The purchase of a campervan in 2009 encouraged frequent trips to coastal locations further afield, providing the observant artist with an even more diverse geographical spring from which to draw inspiration. Northland’s east coast, and South Island’s Bull Creek, Moeraki, Brighton, and The Catlins, are just a few examples of places Driver has made his subject, inviting the viewer to gaze out at shores and sea views through light-filled windows and open doors. An element of surrealist influence sees Driver depict the sense of a place, rather than topographical representations, placing the scene outside windows and doors that do not actually exist in the location. It’s this artistic licence or allegorical freedom that emphasises a dream-like quality within the work, allowing us to be transported to a place that sits outside of time.
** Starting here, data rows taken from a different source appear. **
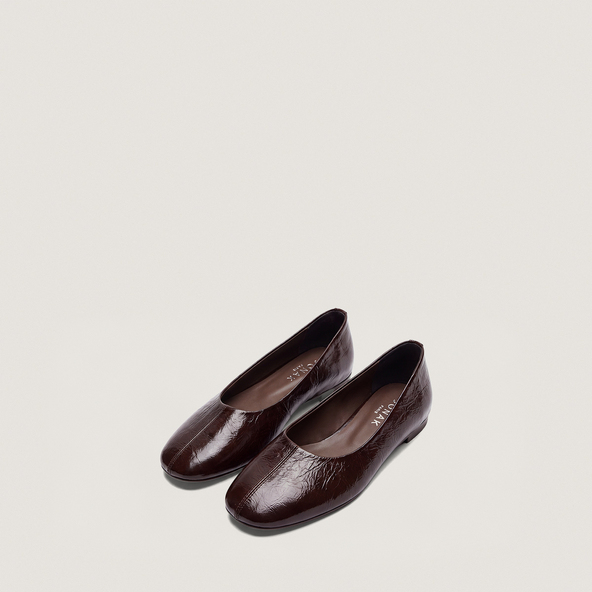 Round-Toe Ballet Flats in brown patent leather | DALLETUS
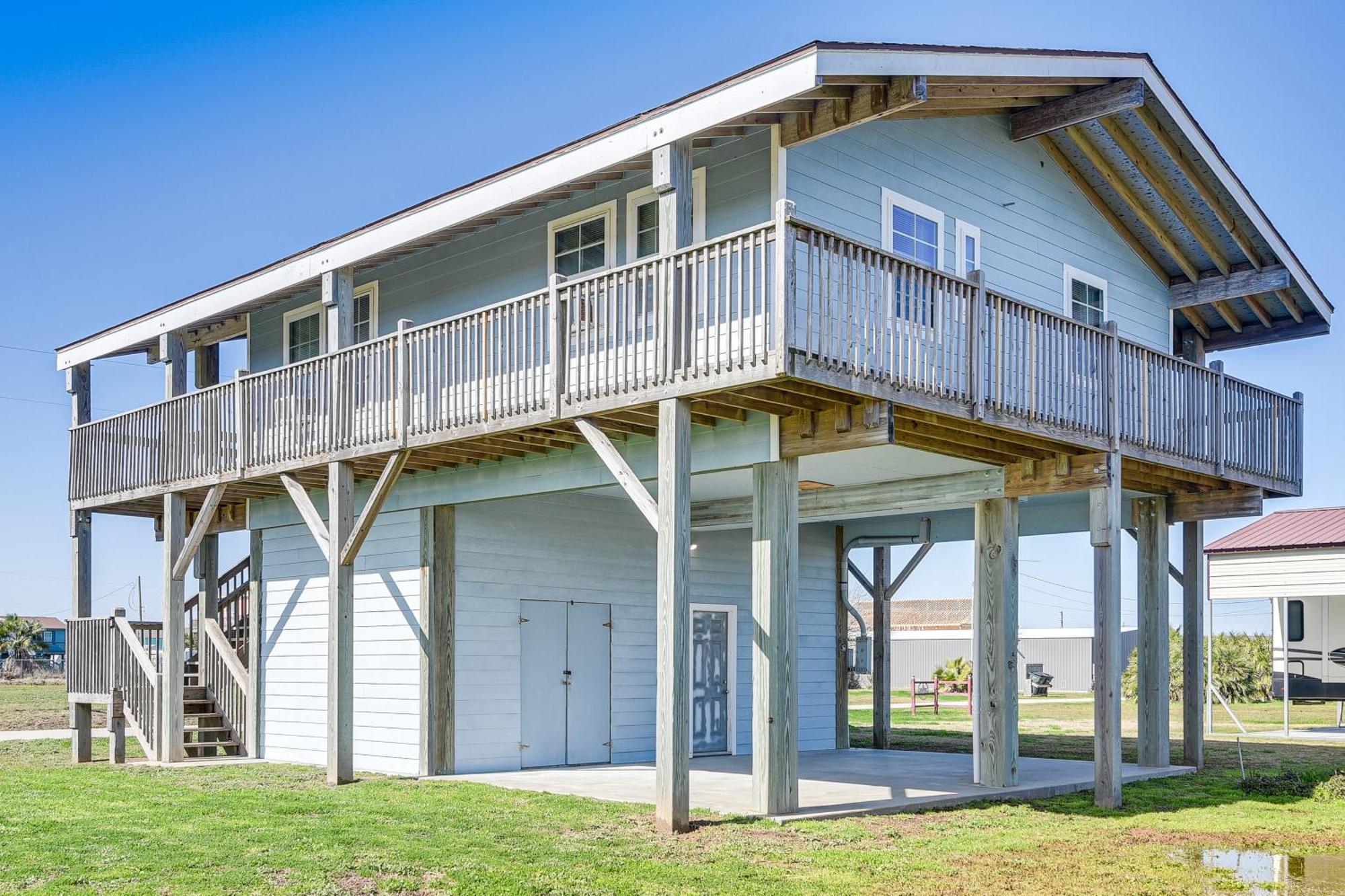 Crystal Beach Home With 2 Grills Walk To Shore! Bagian luar foto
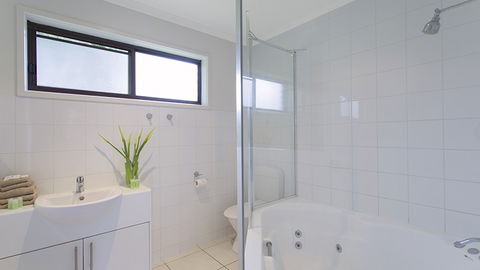 BEST WESTERN Colonial Village Motel - Melbourne Tourism 5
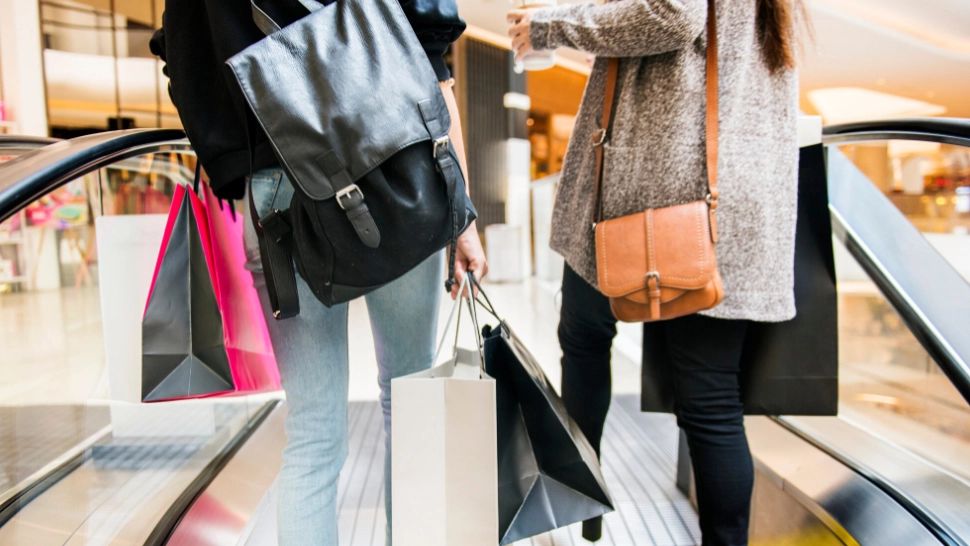 Unde mai poți face cumpărături în prima zi de Paște în București. Singurul mall și hypermarket, deschise celor care au nevoie de produse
Through a balance of traditional and contemporary painting styles Driver sensitively guides the observer toward details that might otherwise be overlooked – the beauty to be found in the texture of a wooden crate, the beguiling light reserved only for its reflection on warm floorboards, or the intricate charm of rust lines working their way over enamelware clearly loved for generations. Each of his works carry an intense sense of human presence while the figure itself is absent from the scene.

Driver’s paintings exude a timeless quality, shadow and light punctuating the scene with a gentle and lasting stillness.

His works are held in private collections worldwide and in public collections at the Hocken Library, Department of Foreign Affairs, Bank of New Zealand and State Services Commission.